We then moved into some other pole exercises before moving to the single spaced canter poles at the 'scary end'. I will say that I partially feel like I 'deserved' this deck to be stacked against me, because I did say at the beginning I wanted to work on Canter Poles, and I do recognize that accepting that the "scary end" is a thing and thus not addressing it is a large personal flaw in my training. I love to go around and get the feeling of butterflies and rainbows and in order to do that, one best not rock the boat - right?
Unfortunately for me, this exercise really showed how underpowered I was allowing Sierra to canter. Ironically a week prior, a friend and I were chatting and she mentioned how incredible Sierra's canter looked. My response was it is lovely, but I know it's not 'enough' in any sense of the word, because she physically could not collect any more. I need to unlock all the boxes in the Canter, and this exercise really made that obvious to me. As we did the 4 canter poles which we were supposed to hit every stride, Sierra had to really push and gain ground in order to clear them. It was obvious to me then, that there just wasn't enough 'anything' in the Canter. Even when we hit the first pole perfectly, by the end she was struggling to throw herself over them, while other horses (even smaller ones) had no trouble at all. Much like the other Canter poles, the clinician had me go more forward to the poles and once again, that careening ride of death was evident. I felt like we were RIPPING as we approached the poles, and finally when we were both in a full body sweat, were we able to sort of accomplish the task of leaving the poles with the same energy we arrived with.
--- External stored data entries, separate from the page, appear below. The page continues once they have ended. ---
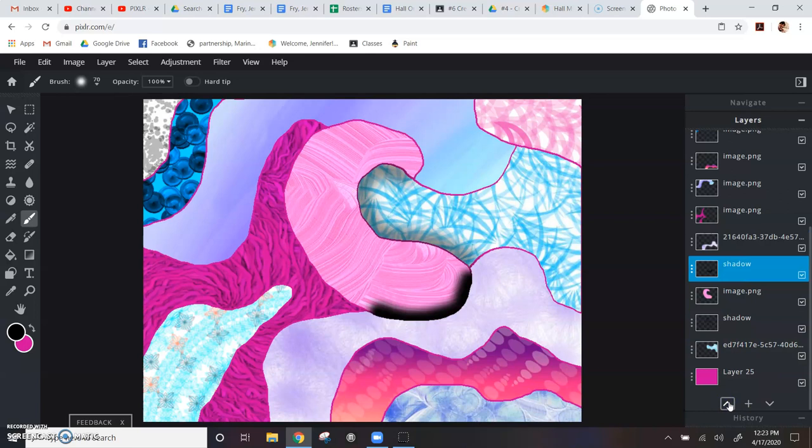There you go. Now you can see what I'm trying to do. I'm trying to show that this purple piece is actually above, like that.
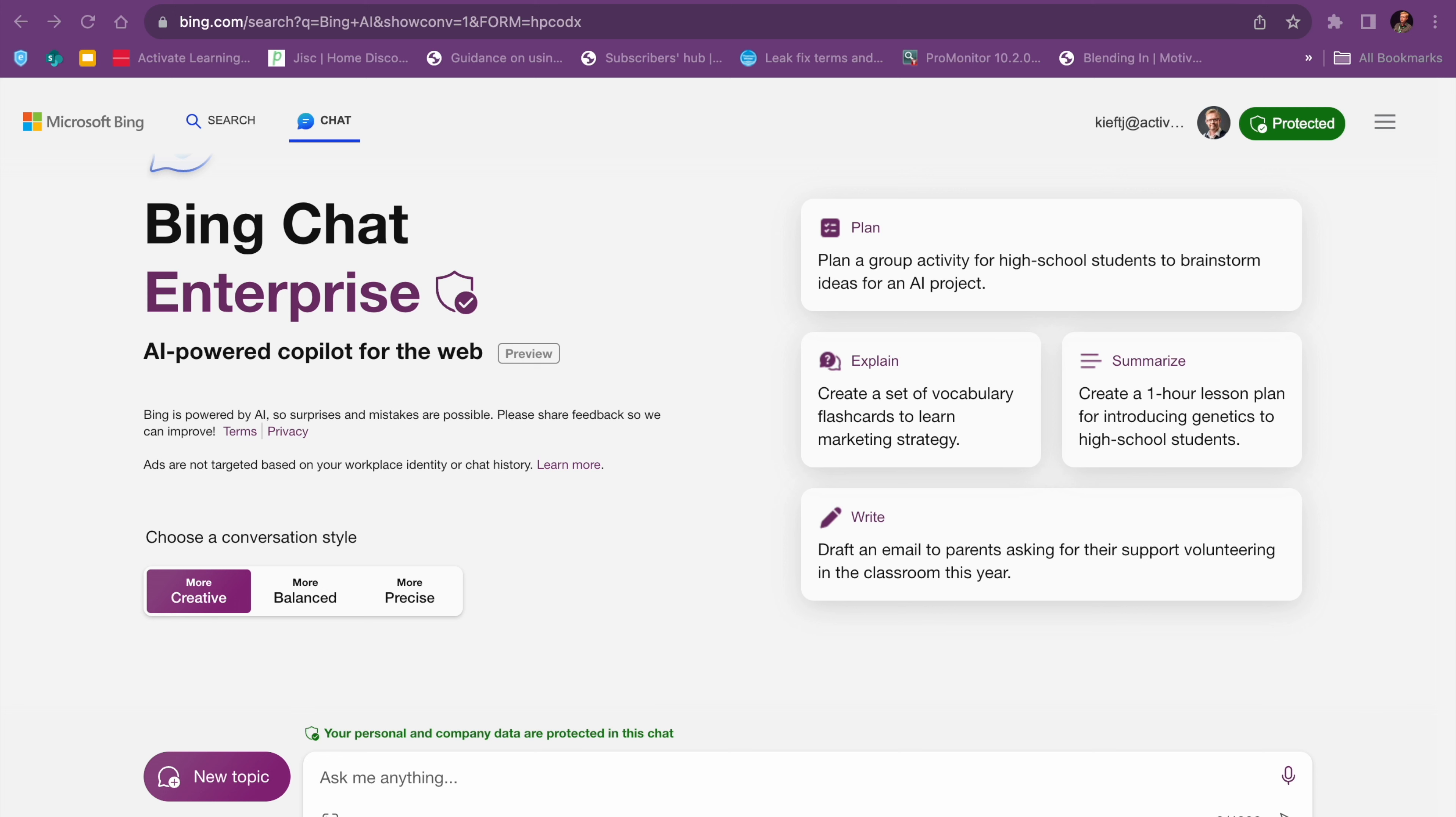So Bing Chat has just released an enterprise version for education customers. If your college or school uses Microsoft Office 365 and your admin has enabled it, then you should be able to access Bing Chat, and specifically the enterprise version.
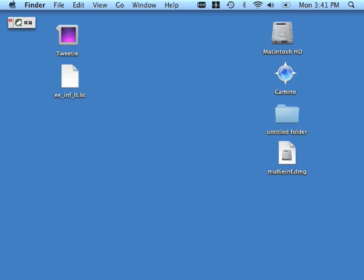Before I begin the install, I do want to point out that it's a good idea to have your evaluation or permanent license key somewhere on your Mac system. This will enable you to use our installer's browse feature to pick up and implement the license during the install process, rendering your driver ready for use as soon as the install completes. If you choose to obtain a license post-installation, use of the product will be delayed until that license is in place.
Ironically afterward, watching the one little clip of video my friend was able to catch, did I realize - what felt like a flat out gallop was basically just a slightly strong working Canter. It was painfully evident that while my work in the trot has generally paid off, we now need to spend time in the Canter. I think part of it may be coming off a large pony and moving onto a fairly big moving, longer type of horse and as a result, everything just feels much 'bigger'. I also need to encorperate more pole work because she seems to think this is just THE MOST EXCITING THING IN THE WHOLE WIDE WORLD and I feel like it needs to become a little 'dummed down'.
Overall, I was satisfied with the clinic. I got what I went there to accomplish and that was tools on how to work through Sierra's sticky moments, and new ways to challenge her so that we aren't just going 'round and 'round all the time. We spent some time licking our wounds, but for my two rides since Day 2 Sierra has been absolutely lovely, and I look forward to putting these tools to use in the future.